> _What to work on_
Go to the line with "Plus Size Beach" in the entries below and write out every line from there through the line with "Leather - image-5", exactly and without pictures.

[[ Task data, beginning ]]

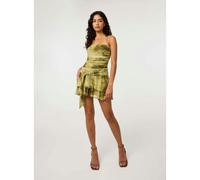 Pink Vanilla Bandeau Mesh Printed Tie Front Mini Dress - S - Multicoloured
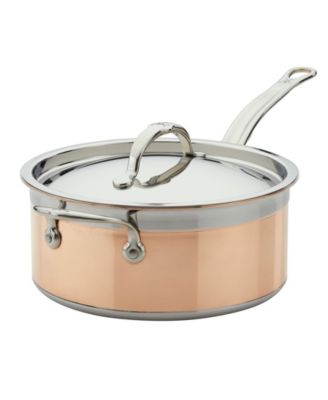 Медная индукционная кастрюля Hestan CopperBond объемом 4 литра с крышкой и вспомогательной ручкой
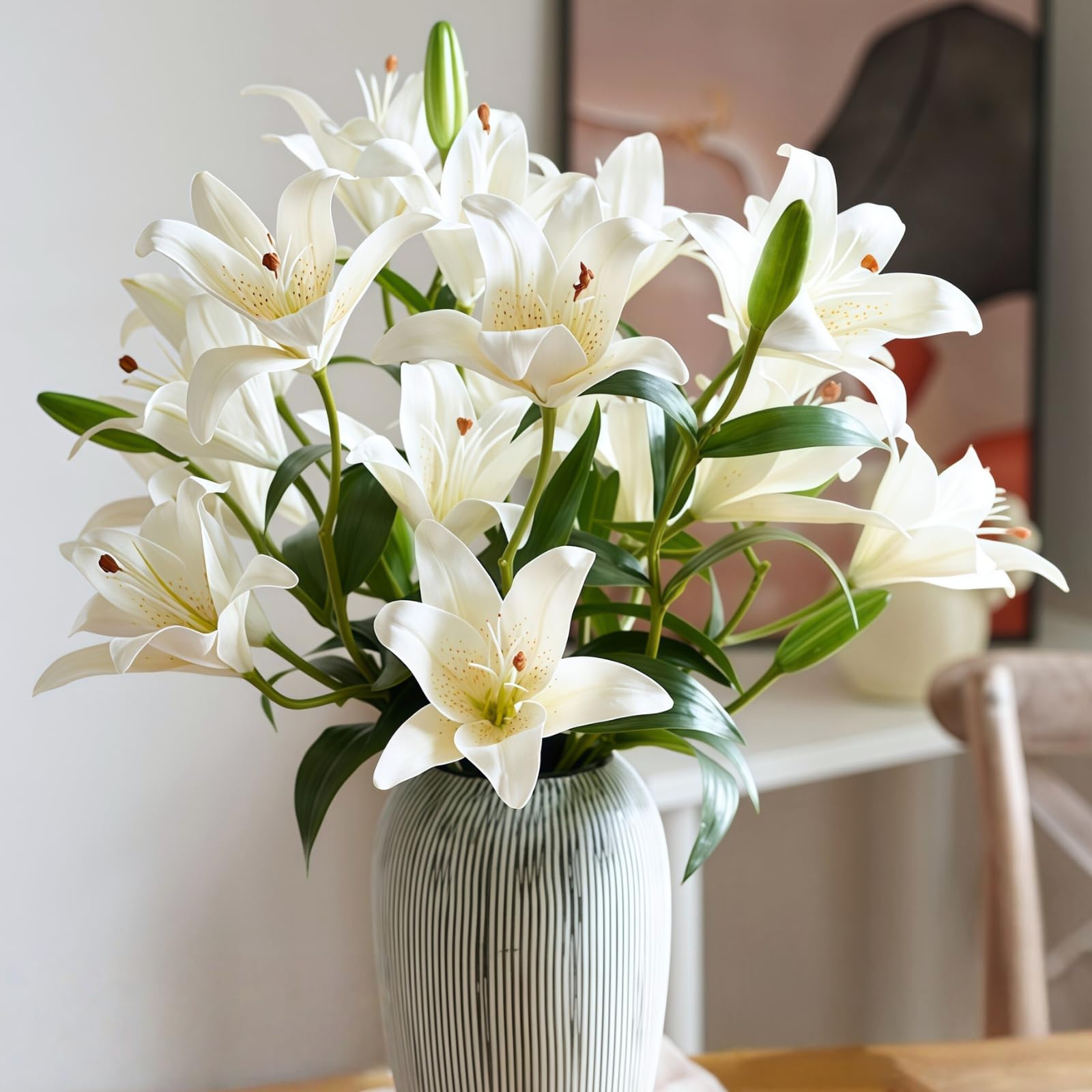 Photo 1 of ASTRYAS 18 Heads Artifical Tiger Lily Flowers, Long Stem Fake Faux Lilies Flowers Bouquet, Real Touch White Lily Bouquet for Home Hotel Flower Arrangement Party Decor Cemetery(2Packs, White)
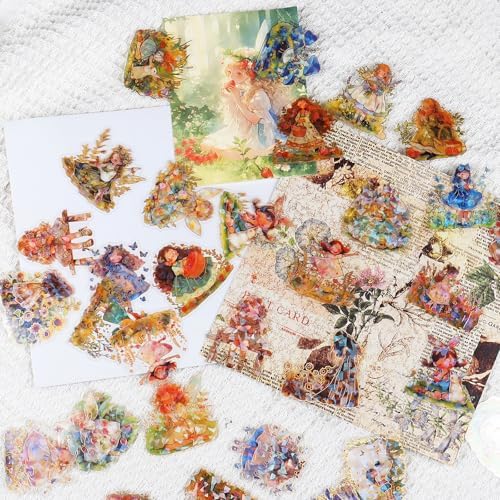 60Pcs Kawaii Girls Stickers for Journaling - Cute Sweet Cartoon Transparent Collage Scrapbooking Supplies Sticker Decal for Junk Journal Cards DIY Arts Crafts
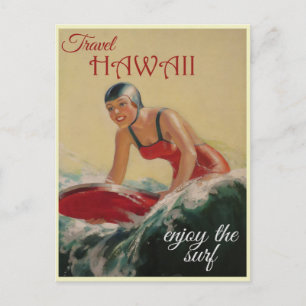Hawaii Vintage Surfer Woman Travel Postcard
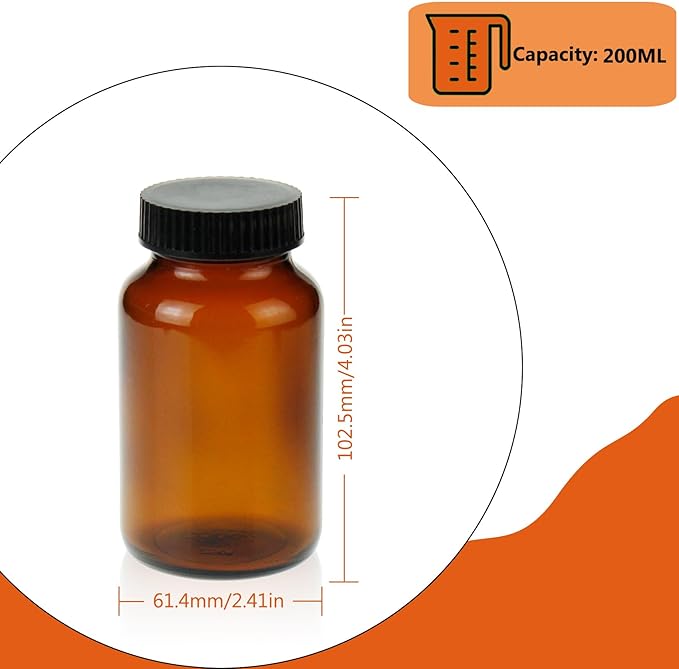 Wide Mouth Packer Bottle, Amber Glass, 200 ML (6.7 OZ) Capacity with 45-400 Black Polyethylene Screw Cap Lined PE Septa, Package of 24 Units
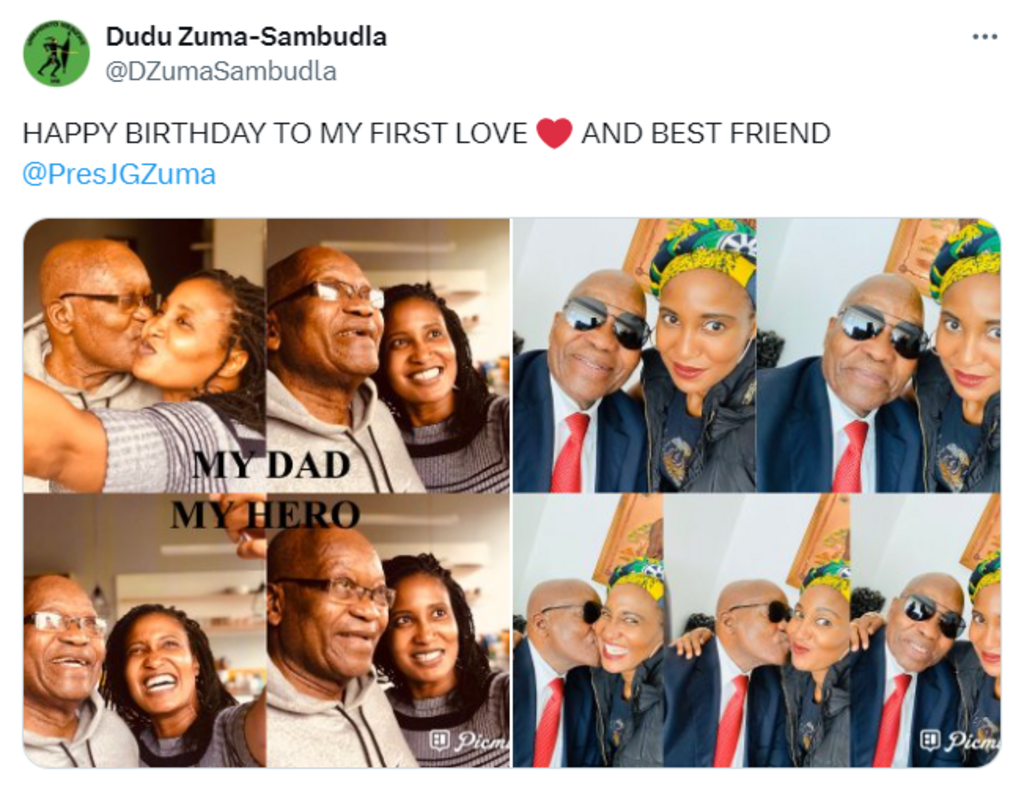 Mélange  de la politique et de vie privée, Zuma-Sambudla fête l'anniversaire de son père.
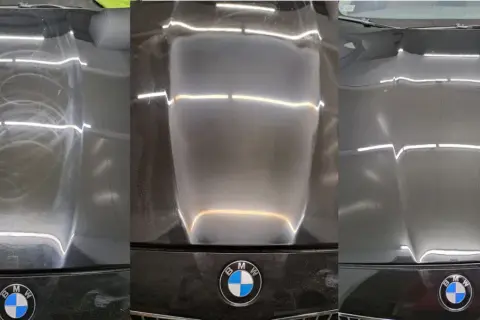 Trzy etapy polerowania maski BMW: hologramy po polerce, ślady po polerce i idealnie gładki lakier.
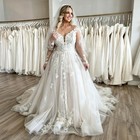 Plus Size Beach Wedding Dresses Lace Sweep Train V Neck Long Sleeve Bridal Gowns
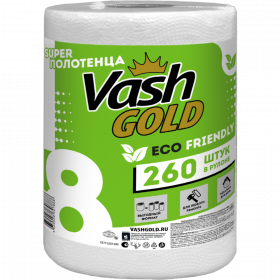 По­ло­тен­ца бу­маж­ные «Vash Gold» Eco Friendly, 260 листов, 1 рулон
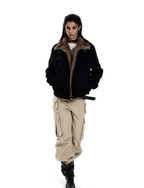 Retro Buckle Collar Faux Suede Puffer Jacket - COPPING THREADS - 0123Start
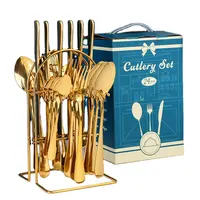 Stainless Steel Cutlery Set, Flatware, Silverware, Golden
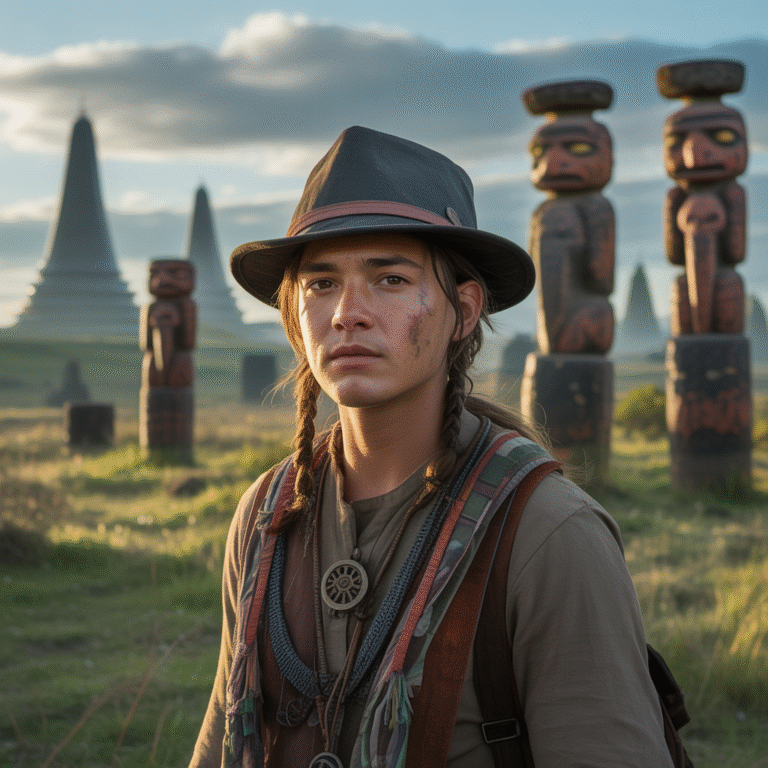 Photorealistic image of a young explorer in an ancient landscape featuring mysterious temples and totems under natural lighting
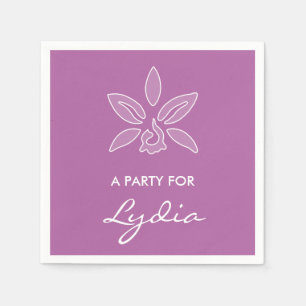 Servilleta De Papel Elegante Orquídea Simple Negrita Flor Púrpura Con 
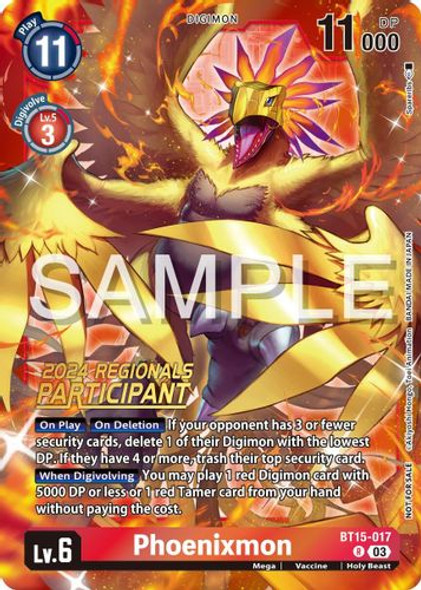 [BT15-017](R) Phoenixmon (2024 Regionals Participant) (Foil)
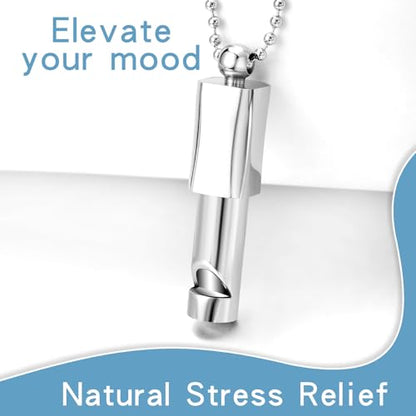 Anxiety Whistle Frequency Healing Devices Mindfulness Breathing Necklace Meditation Stress Relief Tuning Tool Outdoor Emergency Life Saving Tools Jewelry Gift for Women Men - color: Steel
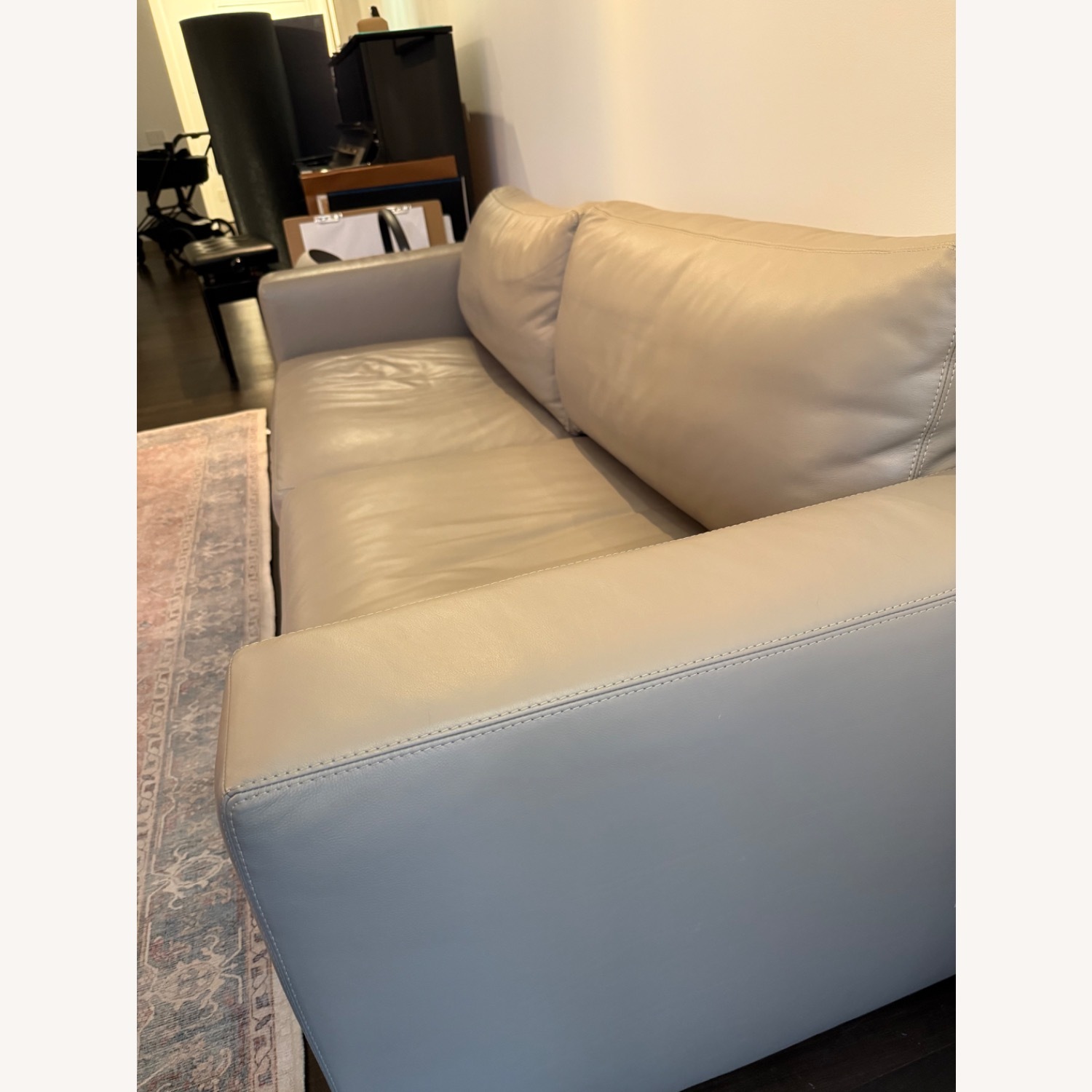 Reid Sofa 86” Warm Grey Vienna Leather - image-5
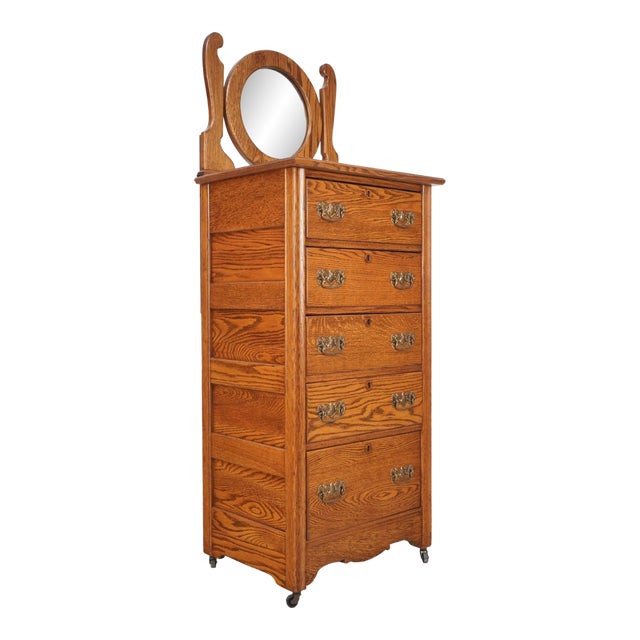 Mid 20th Century Eastlake Quarter Sawn Oak Tall Dresser With Beveled Mirror For Sale
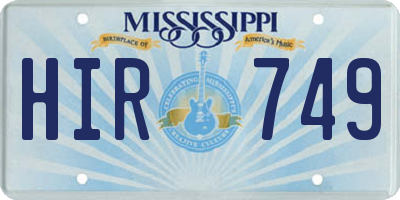 MS license plate HIR749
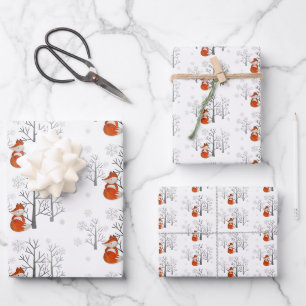 Foxy Winter Forest Wrapping Paper Sheet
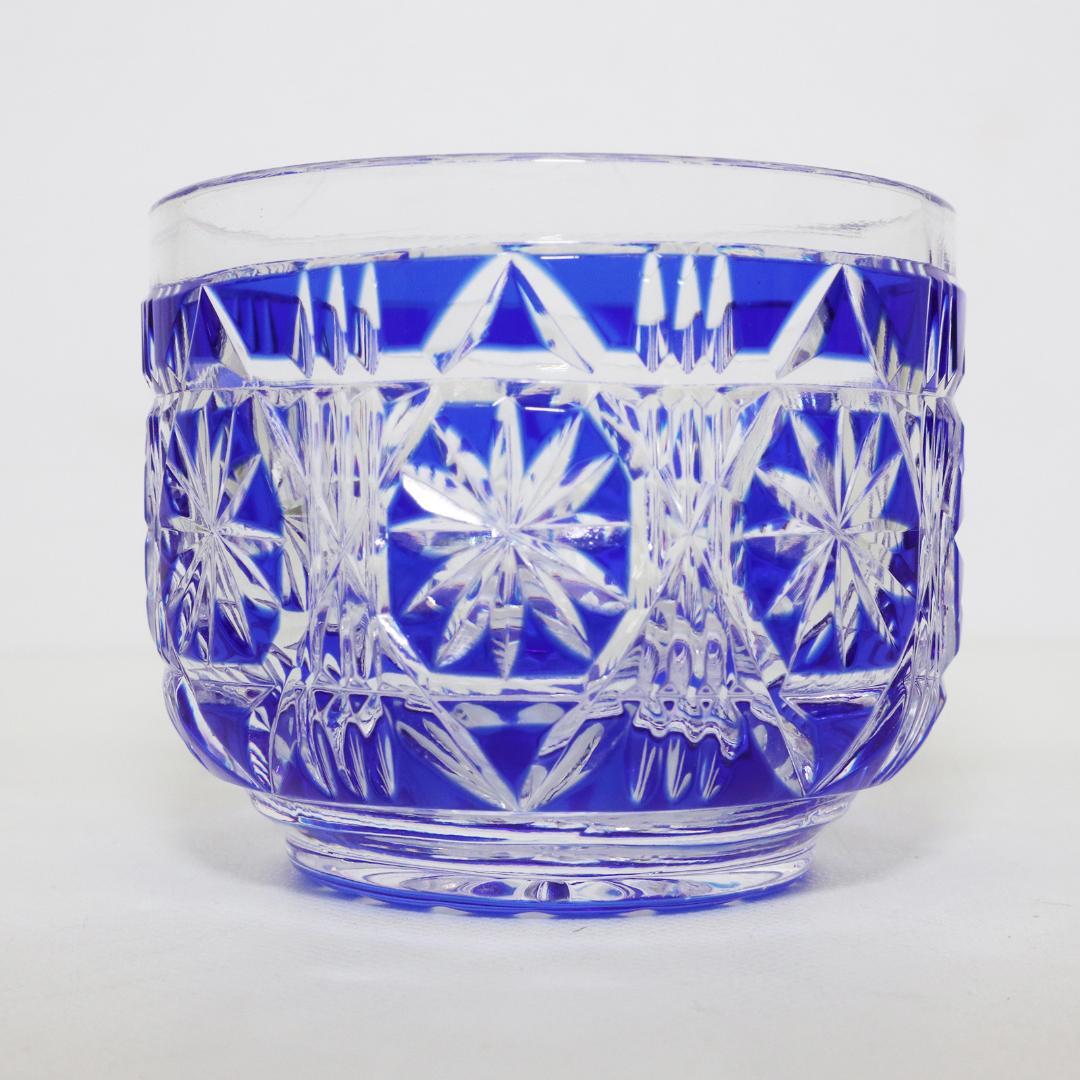 薩摩切子 猪口 八角 籠目文 青　酒器　ぐい呑み　切子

[[ Task data, end ]]

> _Response area_
 Plus Size Beach Wedding Dresses Lace Sweep Train V Neck Long Sleeve Bridal Gowns
 По­ло­тен­ца бу­маж­ные «Vash Gold» Eco Friendly, 260 листов, 1 рулон
 Retro Buckle Collar Faux Suede Puffer Jacket - COPPING THREADS - 0123Start
 Stainless Steel Cutlery Set, Flatware, Silverware, Golden
 Photorealistic image of a young explorer in an ancient landscape featuring mysterious temples and totems under natural lighting
 Servilleta De Papel Elegante Orquídea Simple Negrita Flor Púrpura Con 
 [BT15-017](R) Phoenixmon (2024 Regionals Participant) (Foil)
 Anxiety Whistle Frequency Healing Devices Mindfulness Breathing Necklace Meditation Stress Relief Tuning Tool Outdoor Emergency Life Saving Tools Jewelry Gift for Women Men - color: Steel
 Reid Sofa 86” Warm Grey Vienna Leather - image-5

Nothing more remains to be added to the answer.